The problem:
Exact copy, pictures excluded: print the lines from the one with "MARKET STREET AT TOWN CENTER - Residential" through the final line of the records.

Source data
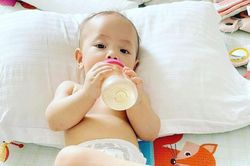 Lisa nhà Hà Hồ tự cầm bình sữa uống chứng tỏ mình là 'chị Ba' gương mẫu của cả nhà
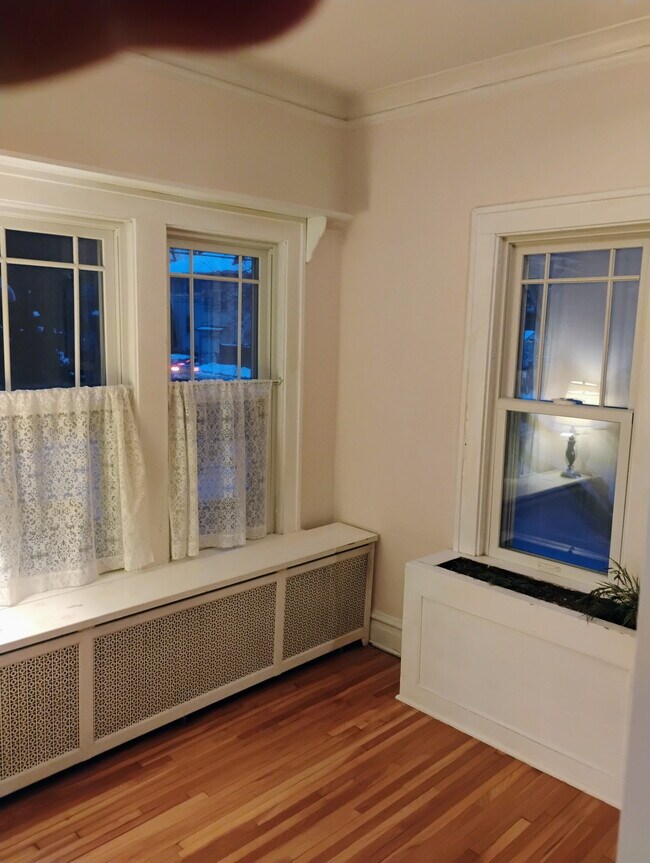 Foto del edificio - 1218 W 50th St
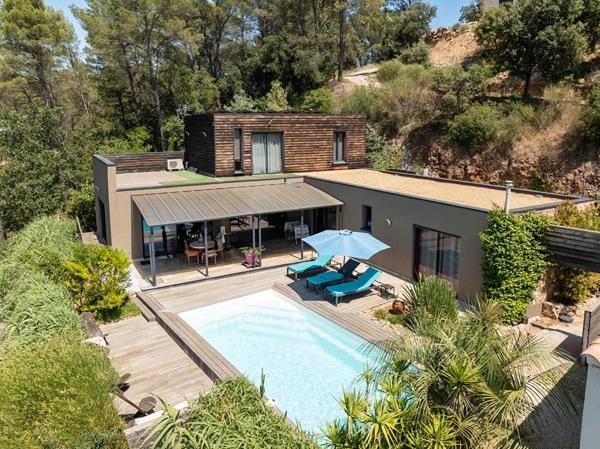 A VENDRE EN EXCLUSIVITÉ A VENDRE À VIDAUBAN - VILLA CONTEMPORAINE AVEC VUE PANORAMIQUE, PISCINE ET PRESTATIONS  DE QUALITÉ !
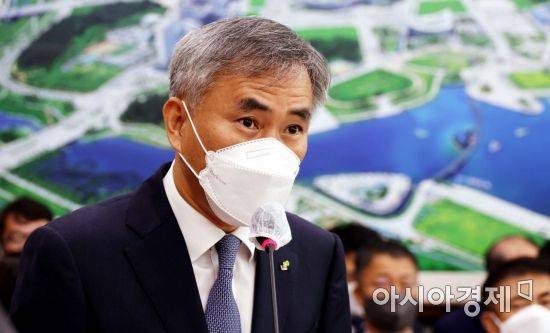 이정관 한국토지주택공사 사장 직무대행이 4일 국회에서 열린 한국토지주택공사 등에 대한 국정감사에 출석, 모두발언을 하고 있다./윤동주 기자 doso7@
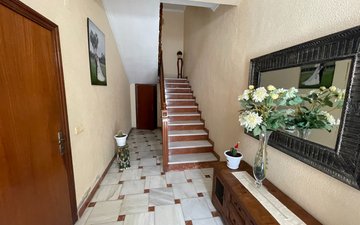 Property slide 16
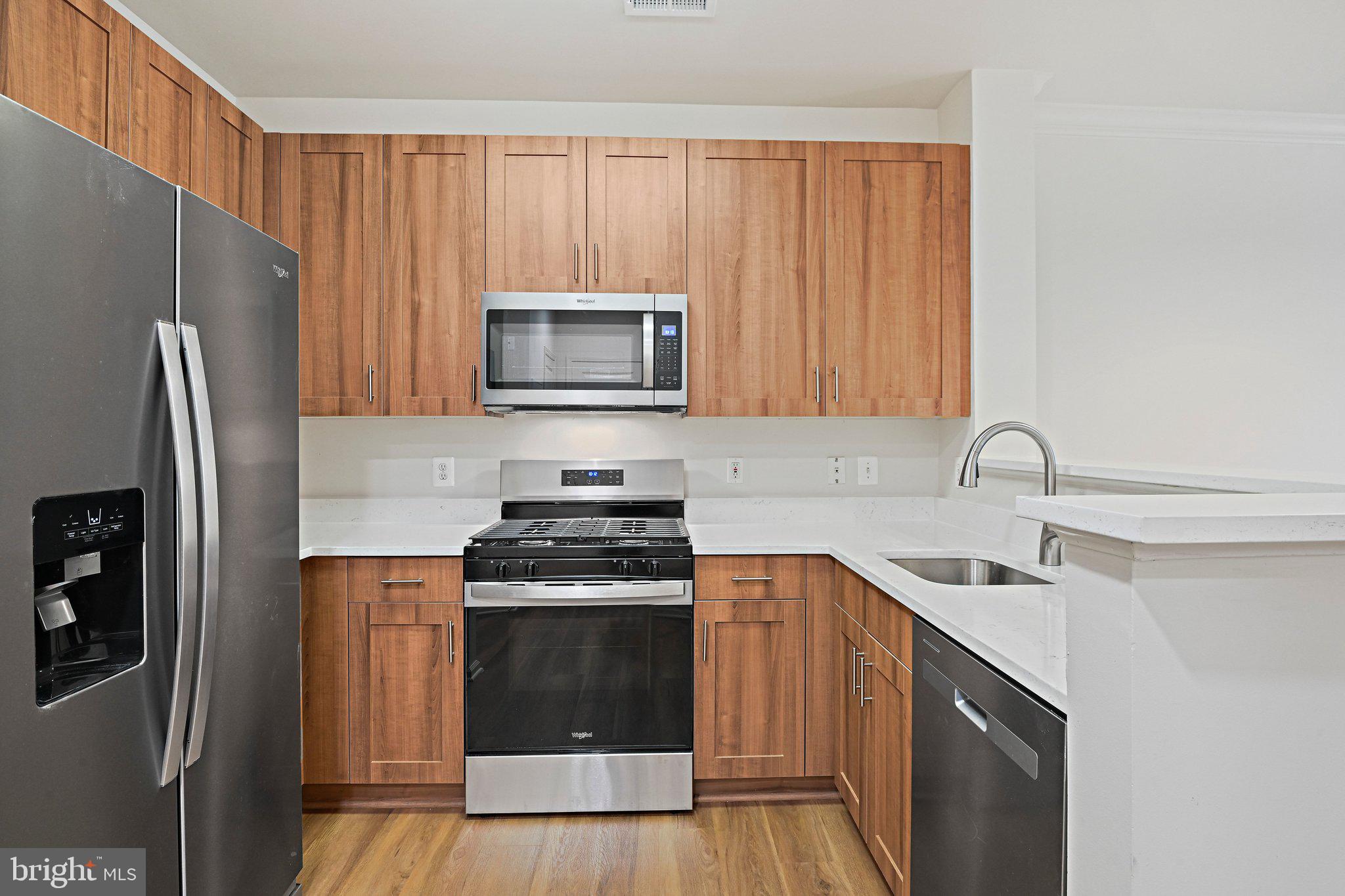 MARKET STREET AT TOWN CENTER - Residential
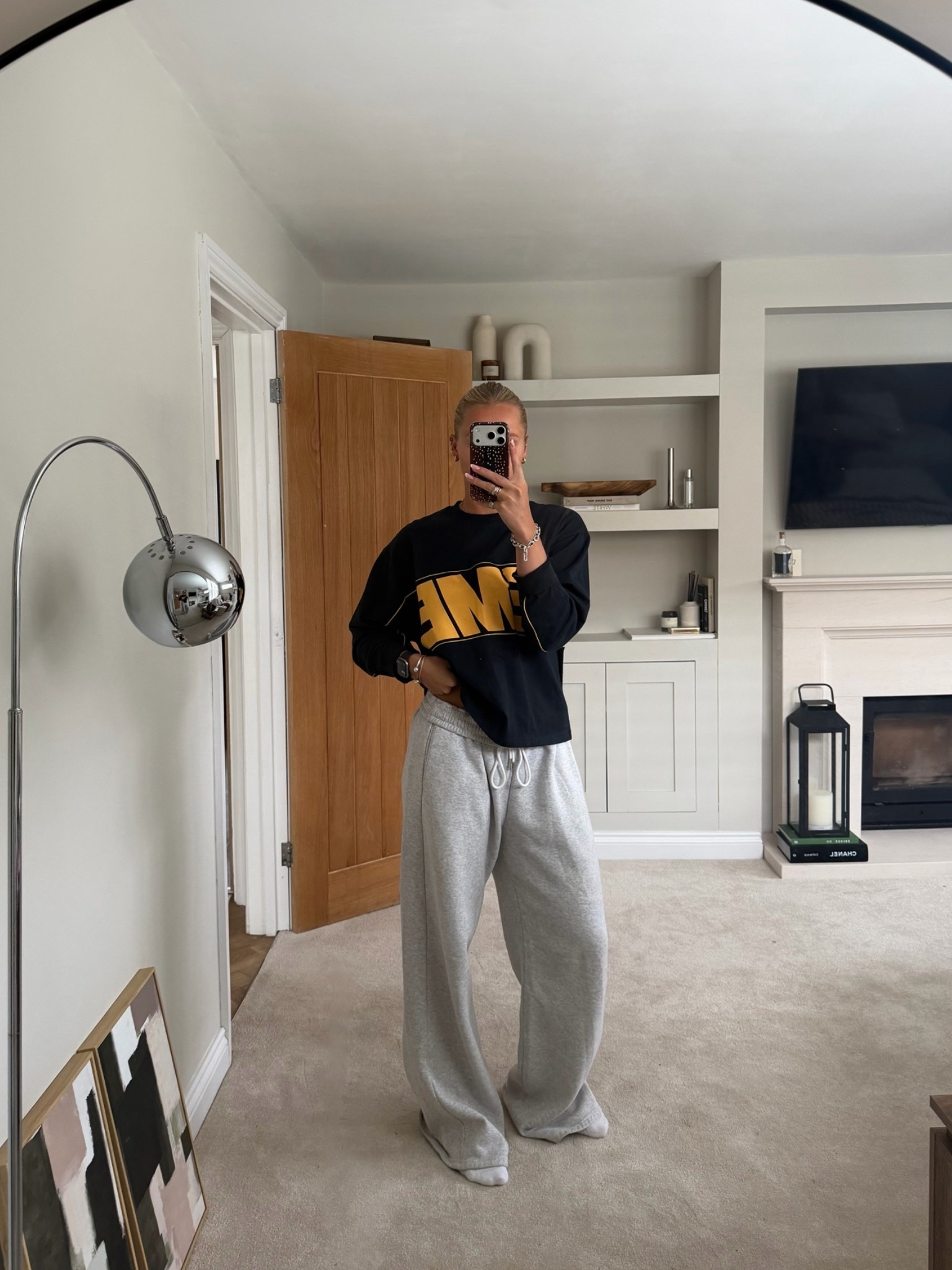 If you’re looking for 1 pair of joggers to buy this season, let it be this pair! They’re quite literally the best joggers of all time xx

#LTKautumn #LTKuk #LTKstyletip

Solution:
 MARKET STREET AT TOWN CENTER - Residential
 If you’re looking for 1 pair of joggers to buy this season, let it be this pair! They’re quite literally the best joggers of all time xx

#LTKautumn #LTKuk #LTKstyletip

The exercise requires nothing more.